Comments are due Dec. 16 and most are expected late this week. See more here.
However, of 19 emerging issues, companies express the greatest concern over expanding federal regulation of insurance. Specifically, "two issues rated as important and in need of improvement in 2000 were similarly rated in 2011: policy/contract form approval and market conduct examinations," according to the study, noting that expertise/capacity is the primary reason securities valuation is rated poorly. Many areas were found seriously wanting since the 1999 study, but statutory accounting still found its way into the hearts of more than half the CEOs.
To add to the depth of its assessments, the ACLI said a new CEO task force is now analyzing the industry's policy position on regulatory reform, and reviewing the survey results and factoring in the implications of global regulatory issues as well as those resulting from the passage of the Dodd-Frank financial regulatory reform, it told the FIO.
However, the trade group said it was not in a position to offer specific federal legislative suggestions for implementing improvements to the insurance regulatory system to the FIO at this time. It stood by its established policy position on regulatory reform, from 2000, which calls for a two-track approach to the issue, with one track focusing on improvements to our state-based system and the second track calling for the implementation of an optional federal charter.
Although the state-based regulatory system has served the industry well over "withstood the recent financial crisis admirably," it hasn't kept pace with the changing times marked by with the advent of Solvency II, the emerging role of the IAIS and efforts to address institutional oversight on a multinational basis, Dodd-Frank and its implementation and G-20 and Financial Stability Board (FSB) regulatory reform measures, according to the ACLI.
In its filing, written by ACLI General Counsel Gary Hughes and addressed to FIO Director Michael T. McRaith, the ACLI went on to note that "…in many areas of regulation a lack of uniformity from state to state persists both in terms of the laws and regulations themselves and in terms of their interpretation and enforcement. This lack of uniformity is a major impediment to an efficient and cost-effective regulatory system."

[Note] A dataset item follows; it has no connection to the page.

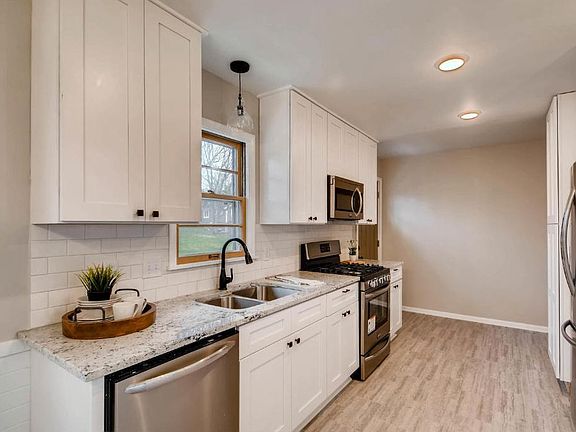 3rd image of 3649 Woody Ln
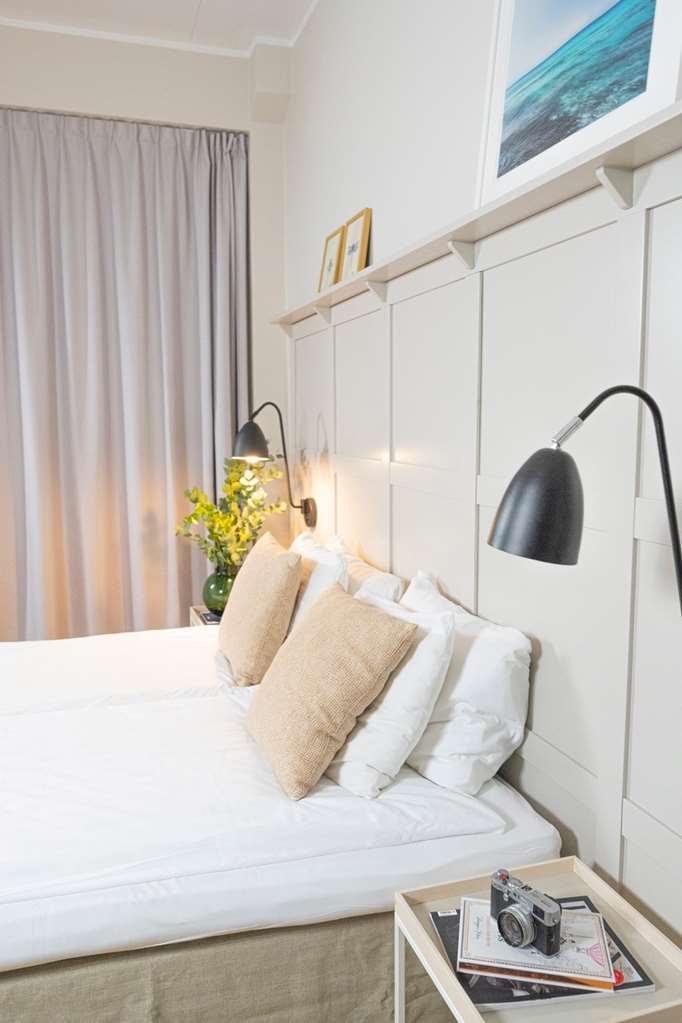 Biz Apartment Bromma Stockholm Kamer foto A bed with cushions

With regard to regulatory creep, "companies are concerned that existing federal oversight by the Treasury, Securities and Exchange Commission (SEC), Financial Industry Regulatory Authority (FINRA) and Department of Labor (DOL), added to new oversight imposed by implementation of Dodd-Frank rules and regulations by various federal agencies, combined with existing state regulations, is making the life insurance regulatory regime increasingly complex, fragmented and difficult to coordinate."